● **Activity**
In the records below, find the line with "Courbe de tempratures pour Cape Bruny", then copy each line exactly until you have copied the line with "Visual aid describing". Leave any picture out.
***** Supplied entries *****
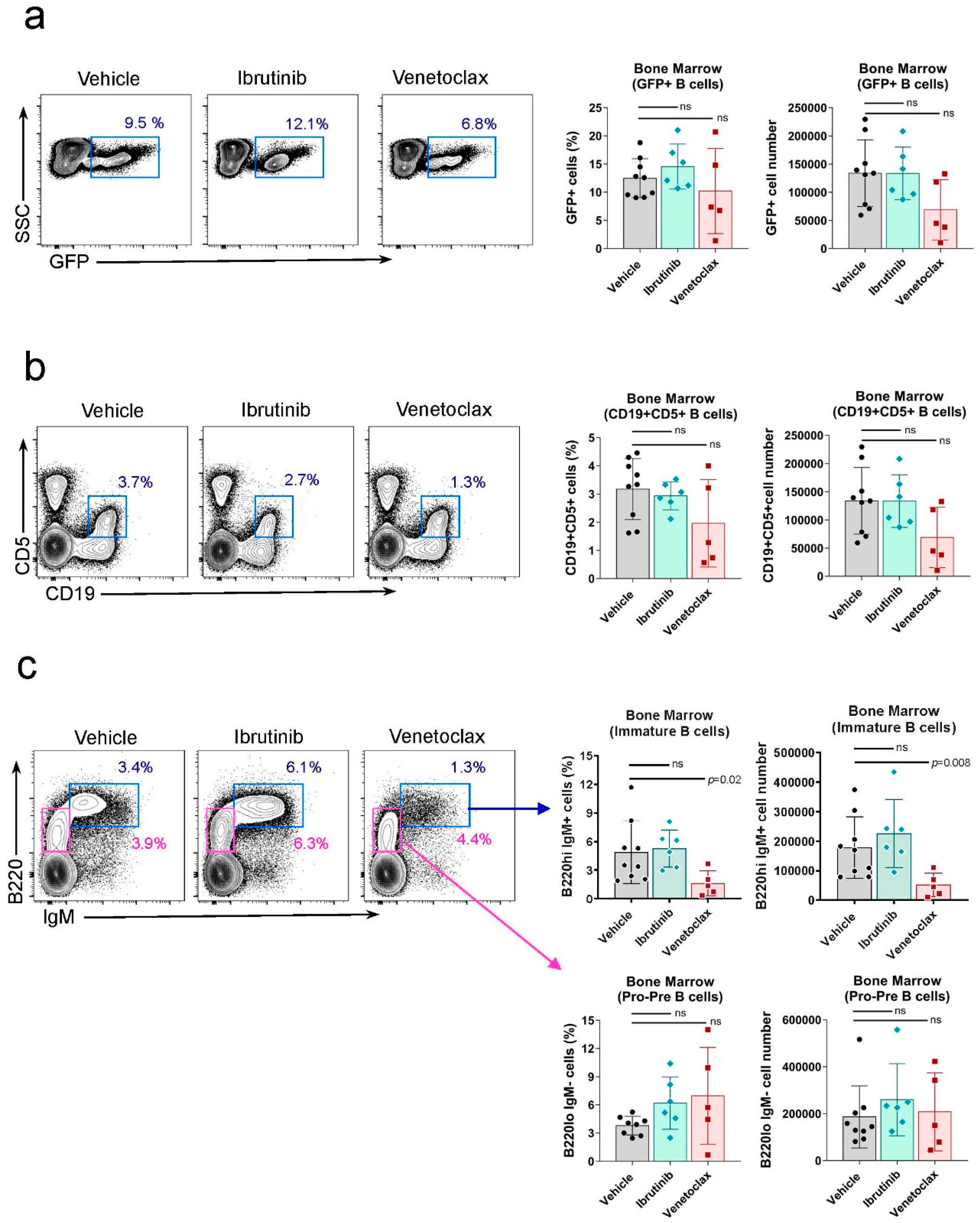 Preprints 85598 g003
*****
***** Supplied entries *****
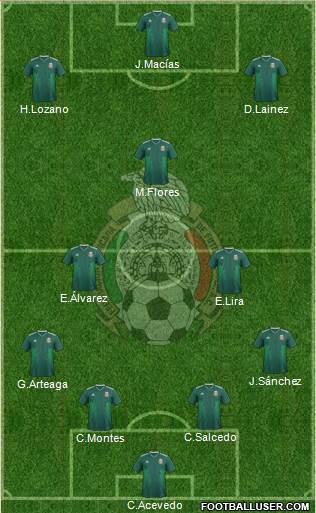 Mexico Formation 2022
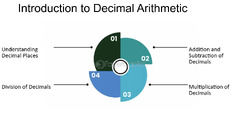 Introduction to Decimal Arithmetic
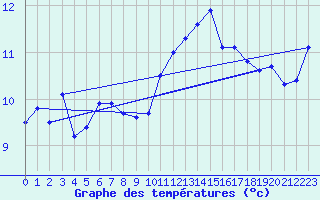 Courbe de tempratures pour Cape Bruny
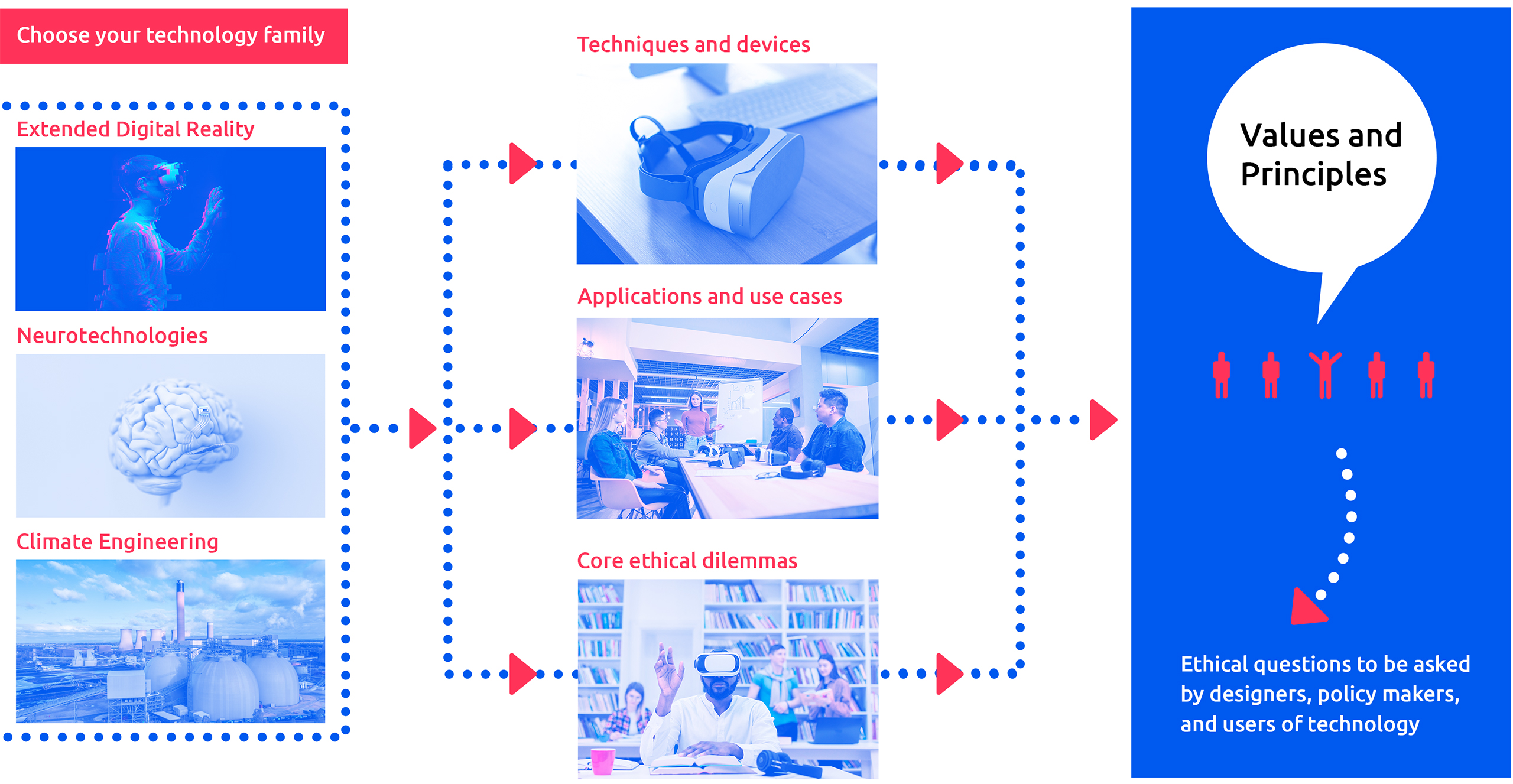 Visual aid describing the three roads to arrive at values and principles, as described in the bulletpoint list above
*****
● **Problem solution**
 Courbe de tempratures pour Cape Bruny
 Visual aid describing the three roads to arrive at values and principles, as described in the bulletpoint list above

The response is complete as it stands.